[GIVEN ENTRIES Boundary: Start]

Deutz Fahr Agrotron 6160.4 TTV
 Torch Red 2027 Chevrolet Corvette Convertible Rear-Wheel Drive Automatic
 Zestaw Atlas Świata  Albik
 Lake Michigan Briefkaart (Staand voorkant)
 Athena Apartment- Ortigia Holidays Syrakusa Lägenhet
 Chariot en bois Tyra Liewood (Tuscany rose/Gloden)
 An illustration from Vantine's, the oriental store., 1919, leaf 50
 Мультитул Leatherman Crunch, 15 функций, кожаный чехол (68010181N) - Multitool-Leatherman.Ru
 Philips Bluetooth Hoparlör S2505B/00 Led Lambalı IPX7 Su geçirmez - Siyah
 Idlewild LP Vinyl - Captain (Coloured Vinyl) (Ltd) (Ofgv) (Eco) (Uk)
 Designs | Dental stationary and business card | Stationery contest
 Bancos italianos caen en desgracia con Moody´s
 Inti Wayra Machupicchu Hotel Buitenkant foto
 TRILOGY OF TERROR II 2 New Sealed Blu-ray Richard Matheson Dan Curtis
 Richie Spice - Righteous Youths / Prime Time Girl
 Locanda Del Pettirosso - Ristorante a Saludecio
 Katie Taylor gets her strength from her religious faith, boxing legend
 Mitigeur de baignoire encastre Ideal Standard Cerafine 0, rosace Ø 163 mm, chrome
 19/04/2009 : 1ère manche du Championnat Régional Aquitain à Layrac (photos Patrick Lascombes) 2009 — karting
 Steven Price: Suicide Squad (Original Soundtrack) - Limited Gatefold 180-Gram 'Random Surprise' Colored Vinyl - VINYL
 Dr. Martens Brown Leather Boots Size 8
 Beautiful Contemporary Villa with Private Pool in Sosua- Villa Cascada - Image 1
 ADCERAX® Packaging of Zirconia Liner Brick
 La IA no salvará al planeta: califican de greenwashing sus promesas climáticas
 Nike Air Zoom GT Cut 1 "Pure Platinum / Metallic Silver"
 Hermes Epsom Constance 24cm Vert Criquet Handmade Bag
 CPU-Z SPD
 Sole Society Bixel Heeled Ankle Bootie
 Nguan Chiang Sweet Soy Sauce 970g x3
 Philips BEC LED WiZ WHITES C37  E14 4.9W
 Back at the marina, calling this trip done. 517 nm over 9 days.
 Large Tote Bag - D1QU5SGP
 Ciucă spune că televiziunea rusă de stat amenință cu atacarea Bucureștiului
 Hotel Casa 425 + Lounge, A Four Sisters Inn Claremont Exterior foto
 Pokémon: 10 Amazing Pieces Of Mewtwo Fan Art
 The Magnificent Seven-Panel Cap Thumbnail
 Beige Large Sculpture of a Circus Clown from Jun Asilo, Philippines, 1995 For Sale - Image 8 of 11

[GIVEN ENTRIES Boundary: End]

WHAT IS NEEDED :: Please output only the lines from the first line of the entries through the line with "Philips Bluetooth Hoparlör", both included, exactly as written.

WRITTEN SOLUTION ::
Deutz Fahr Agrotron 6160.4 TTV
 Torch Red 2027 Chevrolet Corvette Convertible Rear-Wheel Drive Automatic
 Zestaw Atlas Świata  Albik
 Lake Michigan Briefkaart (Staand voorkant)
 Athena Apartment- Ortigia Holidays Syrakusa Lägenhet
 Chariot en bois Tyra Liewood (Tuscany rose/Gloden)
 An illustration from Vantine's, the oriental store., 1919, leaf 50
 Мультитул Leatherman Crunch, 15 функций, кожаный чехол (68010181N) - Multitool-Leatherman.Ru
 Philips Bluetooth Hoparlör S2505B/00 Led Lambalı IPX7 Su geçirmez - Siyah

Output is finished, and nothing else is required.